Sean LuskGeneral Commentary

Commentary

Another leg higher for old crop corn, beans, and bean oil as the Ag rally rages on. This push in the last 24 hours in my view comes as Brazil’s Ag ministry suspended import duties on soybeans, corn, bean meal and bean oil until end of the year. It has given thoughts to tight domestic ending stocks there amid a worsening weather situation into month end for second crop corn. Heightened inflation and strong demand added to the bullish tone in my view. Cold weather the next two weeks accompanied by snow and then rain will hamper planting in the Midwest and early emergence in the South. But keep an eye on South America. Brazil’s Safrinha corn crop remains at significant risk, with half of the crop currently under moisture stress, but that could expand over the next couple of weeks as the crop goes through the critical reproductive phase. Meanwhile, heavy rains are hampering the corn harvesting in Argentina. U.S. futures were supported by firming cash corn basis, with prices rising to the highest since August 2013. Before the reopening, USDA announced private exporters sold 114,300 MT of corn to Mexico for old-crop delivery, adding to the tightening supply story. News from China provides another clue that supplies of corn are tight. Heilongjiang province announced that it was bumping up subsidies for corn growing in the region.

Trade Idea

Futures-N/A

Options-Buy the June 21 Corn 6.00 call for 17 cents. Sell the July 21 650 call for 14 cents. Buy the spread at 3 cents.

Risk/Reward

Futures-N/A

Options-the risks on this spread upon entry is $150.00 plus commissions and  fees.

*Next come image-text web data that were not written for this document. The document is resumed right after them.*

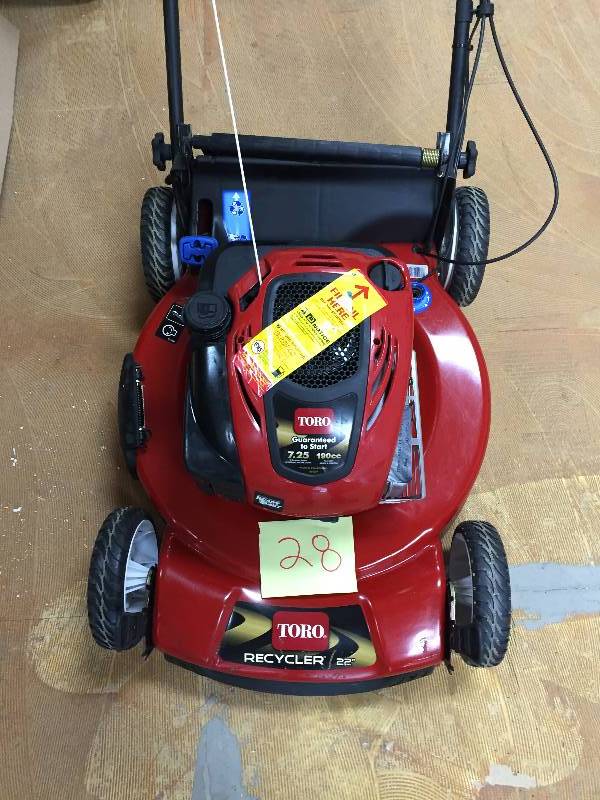 Toro 2025 model 20333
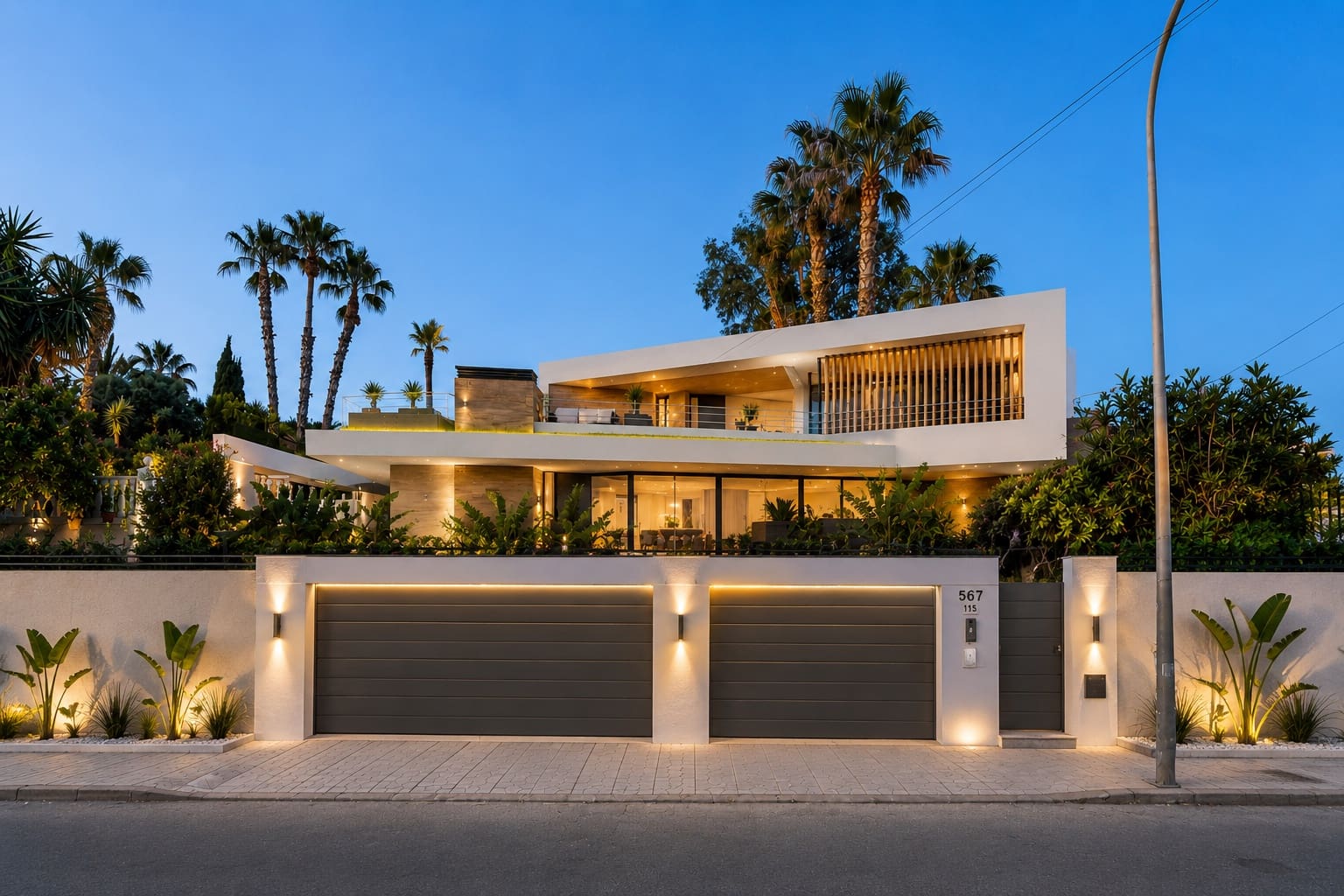 4 bedroom Villa for sale in Ciudad Quesada with pool garage - € 1,450,000 (Ref: 9885161)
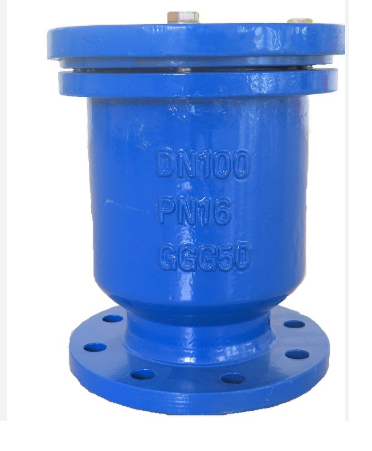 Van xả khí – Muller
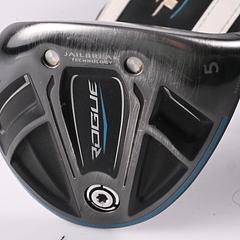 Callaway Rogue #5 Wood / 18 Degree / Regular Flex Aldila Synergy 60 Shaft - Image 2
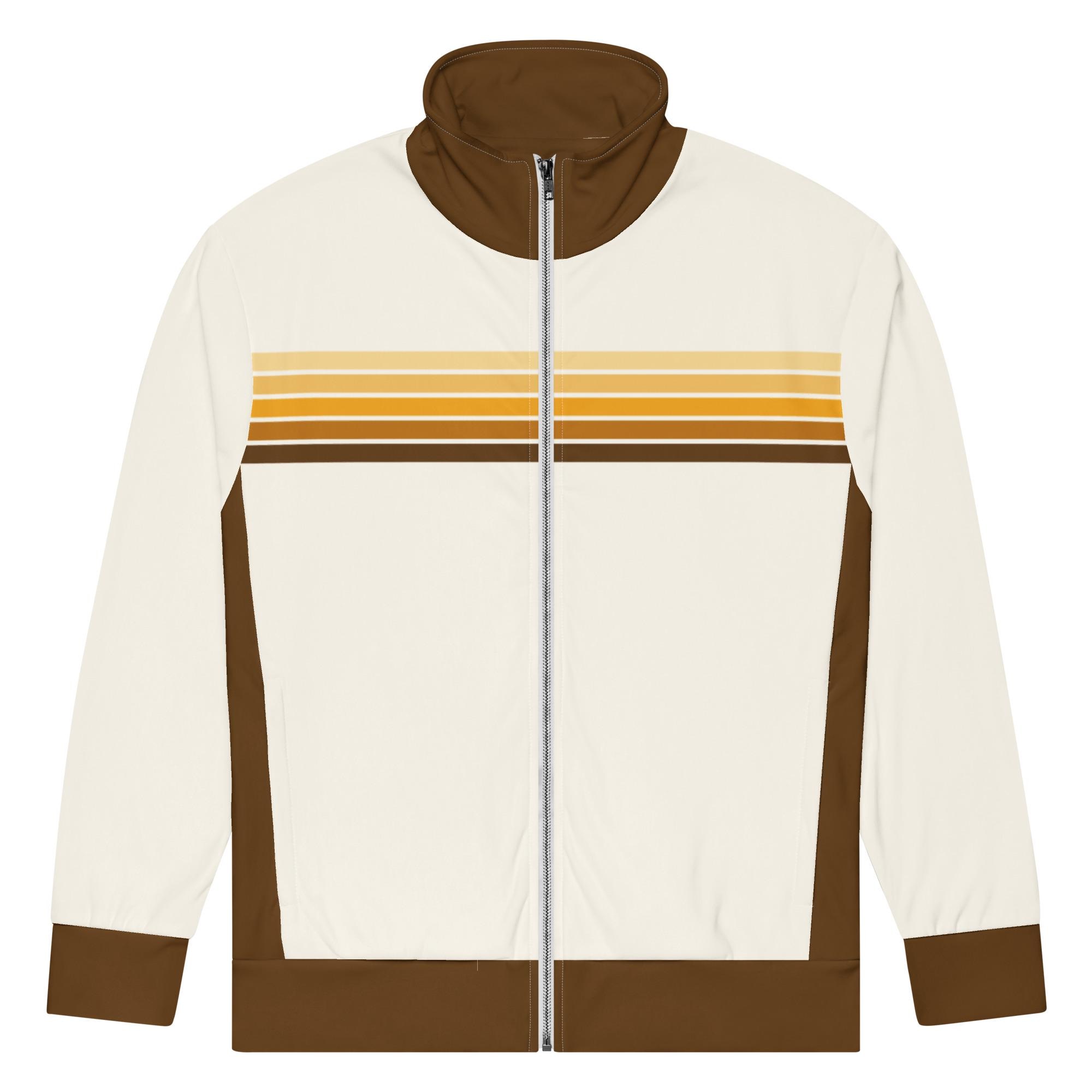 Retro Striped Jacket - Etsy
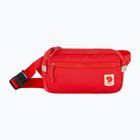 Чантичка за кръстна Fjällräven High Coast Hip 1,5 l true red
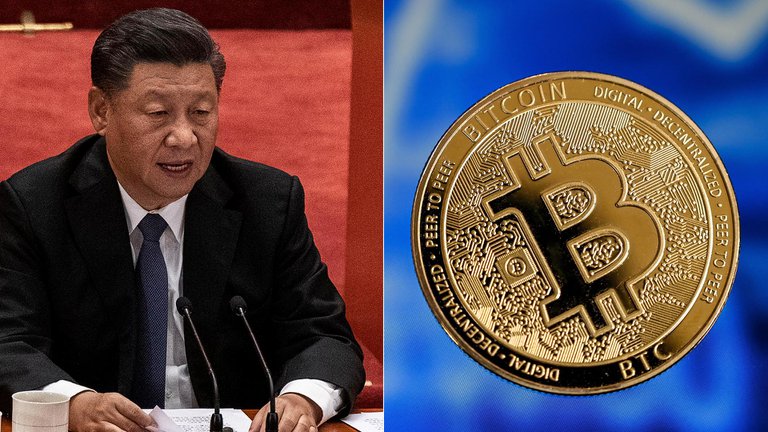 Lee más sobre el artículo El Banco Central de China declaró ilegales todas las transacciones con criptomonedas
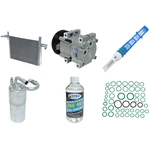 Order UAC - KT5595A - Compressor-Condenser Replacement Kit For Your Vehicle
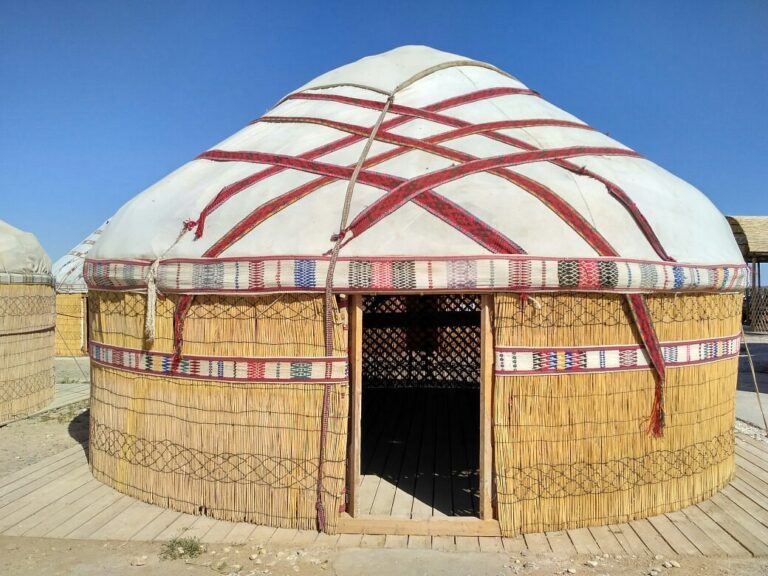 Qoraqalpoq o‘tovi YUNESKOning reprezentativ ro‘yxatiga kiritildi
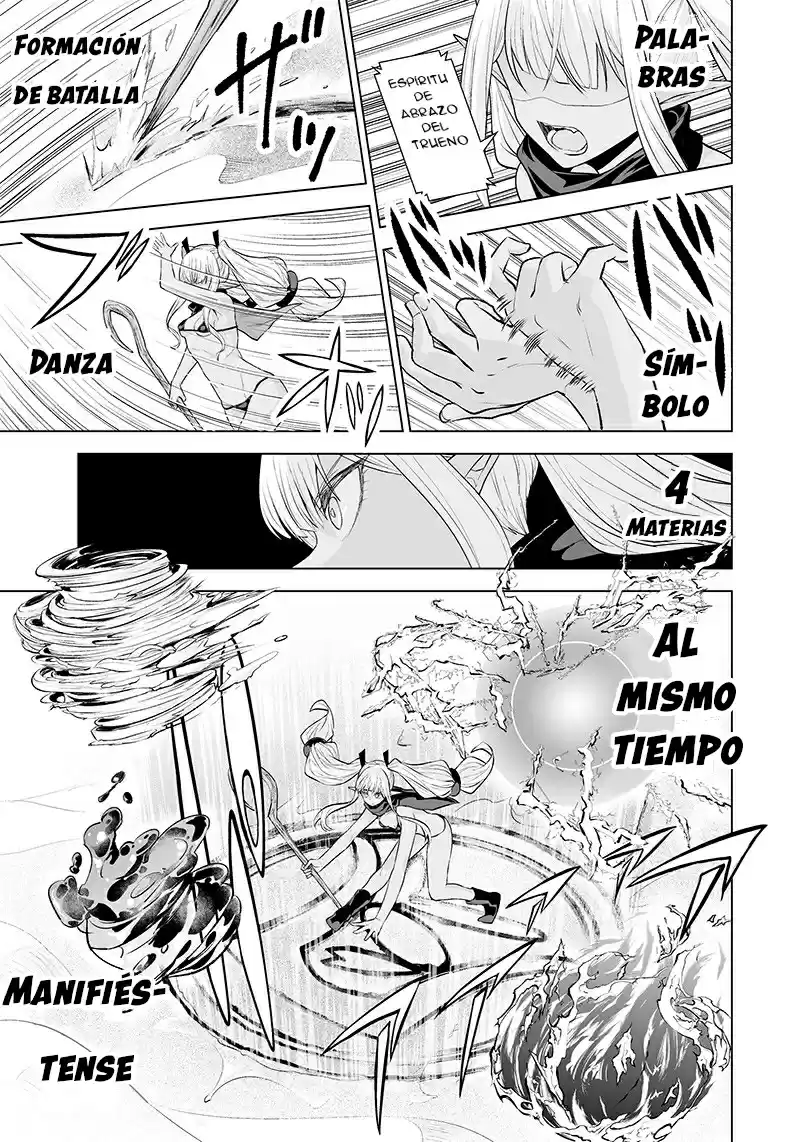 Mamori Mama Wa Oyobi Janaino!? ~Isekai Musuko Hankouki~ - Capítulo 17 - Página 15 - LectorTMOo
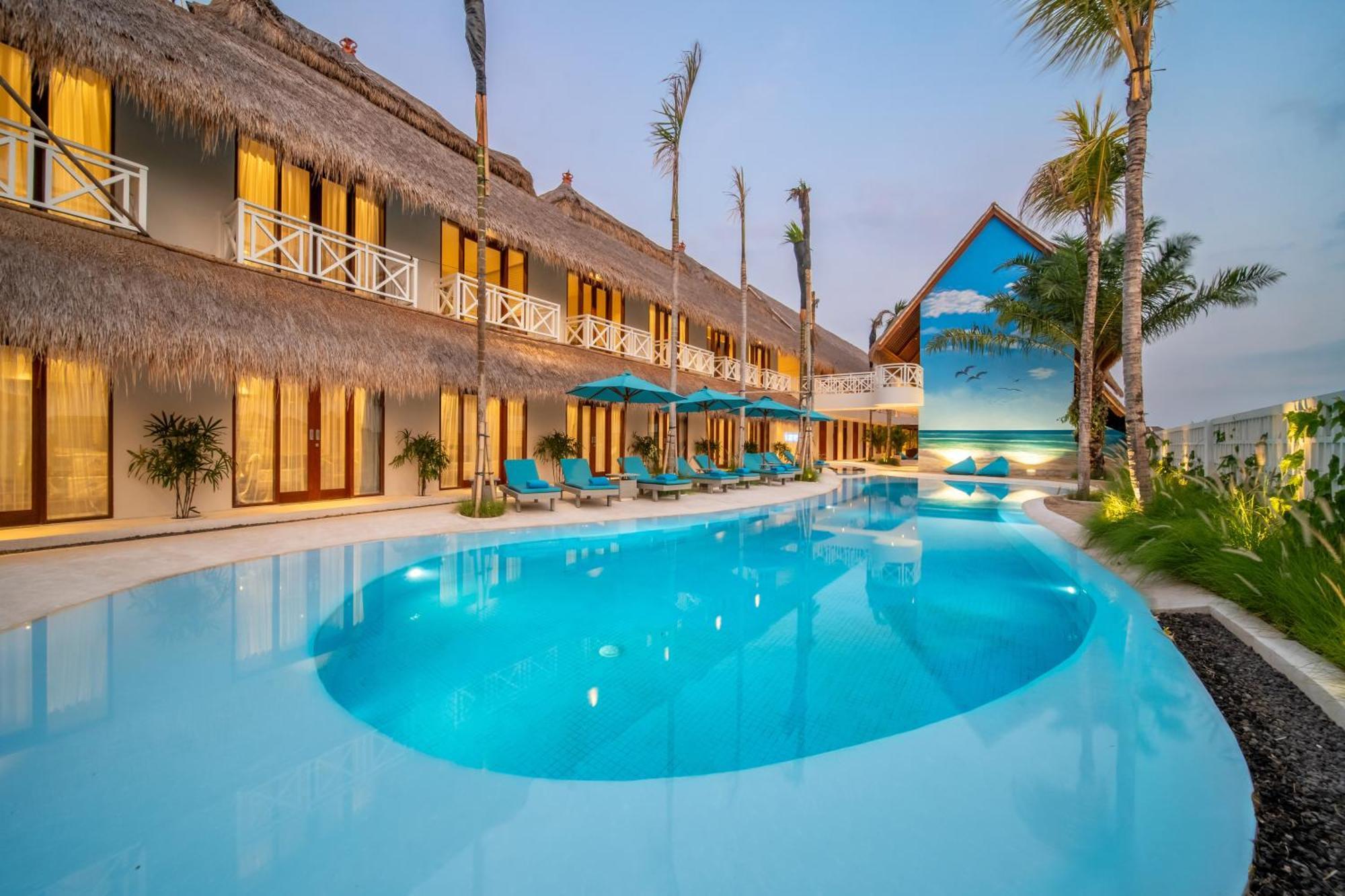 Ize Canggu By Lifestyleretreats 외부 사진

However, there is unlimited risk should the June 6.00 call options expire worthless on option expiration by 5/21. That would still leave one short the 6.50 July calls. That is a naked short call position with unlimited risk. The game plan is to get long old crop corn at a low cost to entry here. My near-term upside targets have July corn going to 6.03 (25 percent higher on year) and potentially 6.28 (30 percent higher on year). One would also have unlimited risk if one was exercised on the 6.00 call, being long July futures at 6.00 if exercised on May 21.Theres a lot of moving parts here and I advise extreme caution in using this type of strategy.